Terraform Cloud setup
For setting up Terraform Cloud we will go through the following steps:
- Create your Terraform Cloud account.
- Create workspaces.
- Define environment and Terraform variables.
- Define the working directory.
Step 1: Sign up
To create your Terraform Cloud account, follow this link. At the moment of writing, Terraform Cloud offers a free plan with all the open-source features, as well as state management, remote operations, and private module registries.
After successfully creating and confirming your account, you can log in. You will be redirected to the "Workspaces" view.
Step 2: Create workspaces
In the next step, we will create our three workspaces, one per environment. To create a workspace in Terraform Cloud, click the "New workspace" button.
When the workspace creation form shows up, we can choose the "API-driven workflow", since we will be triggering our deployments using GitHub Actions.

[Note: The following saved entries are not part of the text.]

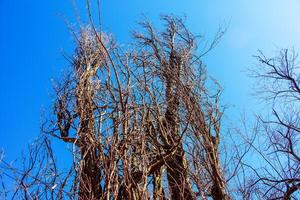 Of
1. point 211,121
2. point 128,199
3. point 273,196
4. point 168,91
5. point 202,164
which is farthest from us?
point 273,196

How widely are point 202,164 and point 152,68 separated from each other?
115cm

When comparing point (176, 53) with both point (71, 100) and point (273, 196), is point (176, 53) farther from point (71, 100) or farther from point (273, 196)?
point (273, 196)

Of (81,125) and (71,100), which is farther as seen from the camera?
(71,100)

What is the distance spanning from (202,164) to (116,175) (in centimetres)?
104

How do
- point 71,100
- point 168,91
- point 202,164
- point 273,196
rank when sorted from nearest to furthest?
1. point 202,164
2. point 168,91
3. point 71,100
4. point 273,196

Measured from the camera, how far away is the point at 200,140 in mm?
3150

In the next step, we must set a name and a description for our workflow.
Step 3: Set variables
After creating the workspace, we must define the environment variables (the AWS access key and secret key), and the Terraform variables for our development environment (what we have defined in our variables.tf file within the development directory). We can click on the created workspace and navigate to the "Variables" tab to add variables.
Step 4: Define the working directory
As a final step, we need to set the working directory of our workspace, so that Terraform can go within this specified directory and execute all commands.
Step 5: Create two other workspaces for staging and production
Finally, we can repeat all the steps above for creating two new workspaces for the remaining environments.
Preparing the GitHub workflow
Our GitHub Actions workflow will contain the following steps:
The whole process will be divided into two main steps:
- Deploying the infrastructure: This step will be composed of multiple smaller jobs (lint, init, plan, update pull-request, apply, output).
- Deploying the applications: There are three jobs executed in parallel in this phase (building and deploying the API, building and deploying the first web client, building and deploying the second web client). Each of these jobs is composed of other smaller jobs.
Step 1: Adding the necessary keys to our GitHub repo
Before going into each job in detail, we need to add our configuration secrets to our GitHub repo. We need the following variables added as secrets:
- AWS Access Key Id, AWS Secret Access Key, AWS Region: These are all needed to authenticate the AWS plugins we will use during our pipeline execution (for pushing our images or deploying our frontend applications). We can generate the keys in the AWS IAM users section (keep in mind to give the CI/CD user only the necessary permissions).
- Terraform API key: For deploying the infrastructure using GitHub Actions we must first set up Terraform on our runner. For this, we need to generate an API token on our Terraform Cloud account, under the "Tokens" tab in user settings.
Here is the "Secrets" view after adding all the necessary keys:
Step 2: Deploying the infrastructure
For deploying our infrastructure, we will execute the steps listed below (some of the steps are executed only when doing pull requests, others when pushing to specific branches). We will be looking at the development workflow from this point onwards. For more details regarding this step, here is the official documentation.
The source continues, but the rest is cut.